IV. Restoration Ecology - degraded ecosytems restored to more natural state

A. intro - larger the impacted area, the longer the recovery (Fig. 55.21)

1. assumption of resilient ecosystems - only if healthy

B. Bioremediation - use of living organisms to detox pollution

1. plants, prokaryotes/fungi can assimilate heavy metals

2. oil spills

3. metabolize toxins in dump sites

C. Biological Augmentation

1. organisms can add useful substances - nitrogen fixers

2. Restoration - speed re4establishment of exosystem as similar as possible to undegraded one

3. examples (Fig. 55.22)

D. adaptive mgt – USFS- monitoring mgt strategies to see what works best and using it

V. Sustainable development - long term properity of humans and ecosystems that sustain them

A. ESA- Sustainale Biosphere Initiative - define and acquire ecological info necessary for intelligent and

responsible development, management and conservation of Earth’s resources

1. studies of global change including climate

2. bio diversity and reoe in maintaining ecological structure and processes

3. sustaining natural and artificial ecosystem productivity

4. to do this, must connect sciences and social sciences, economics, humanities

a. reassess values

b. revere processes that sustain us

c. reduce orientation to short term personal gain

B. Read Case study about Costa Rica, biophilia

Ch. 55 objectives

1. Distinguish between conservation biology and restoration biology.

2. Describe the three levels of biodiversity.

3. Explain why biodiversity at all levels is vital to human welfare.

4. List the four major threats to biodiversity and give an example of each.      

5. Define and compare the small-population approach and the declining-population approach.

6. Explain how an extinction vortex can lead to the extinction of a small population. Describe how a greater prairie chicken population was rescued from an extinction vortex.

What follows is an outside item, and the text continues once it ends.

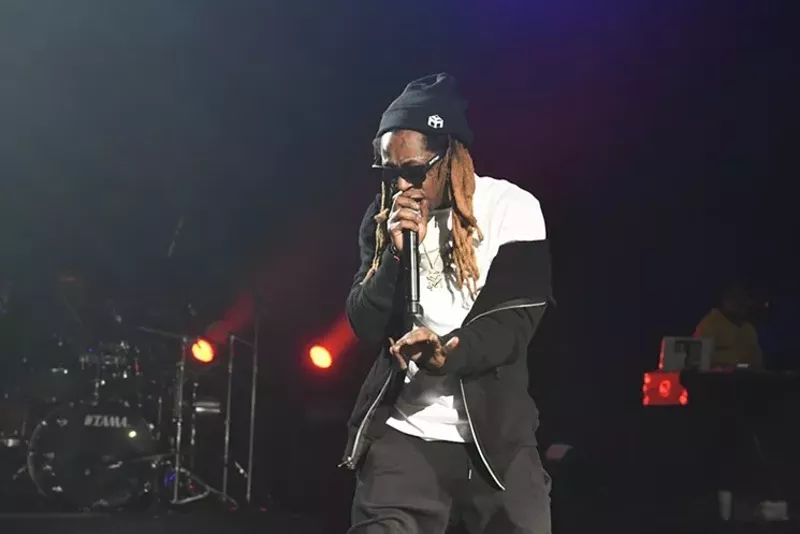 Image: Lil Wayne entertaining the Colorado crowd on 4/20.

7. Describe the basic steps that are used to analyze declining populations and determine possible interventions in the declining-population approach. Describe the case of the red-cockaded woodpecker to illustrate this approach.

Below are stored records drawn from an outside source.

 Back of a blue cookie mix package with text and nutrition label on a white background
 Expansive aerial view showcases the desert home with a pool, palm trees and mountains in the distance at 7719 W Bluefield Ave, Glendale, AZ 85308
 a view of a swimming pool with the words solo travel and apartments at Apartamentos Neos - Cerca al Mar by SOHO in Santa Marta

8. Describe the conflicting demands that accompany species conservation.      

9. Explain how edges and corridors can strongly influence landscape biodiversity.

10. Define biodiversity hot spots and explain why they are important.

11. Explain why natural reserves must be functional parts of landscapes.

12. Define zoned reserves and explain why they are important.

13. Define restoration ecology and describe its goals.

14. Explain the importance of bioremediation and biological augmentation of ecosystem processes in restoration efforts.

15. Describe the process of adaptive management.

16. Describe the concept of sustainable development.

17. Explain the goals of the Sustainable Biosphere Initiative.

18. Define biophilia and explain why the concept gives some biologists hope.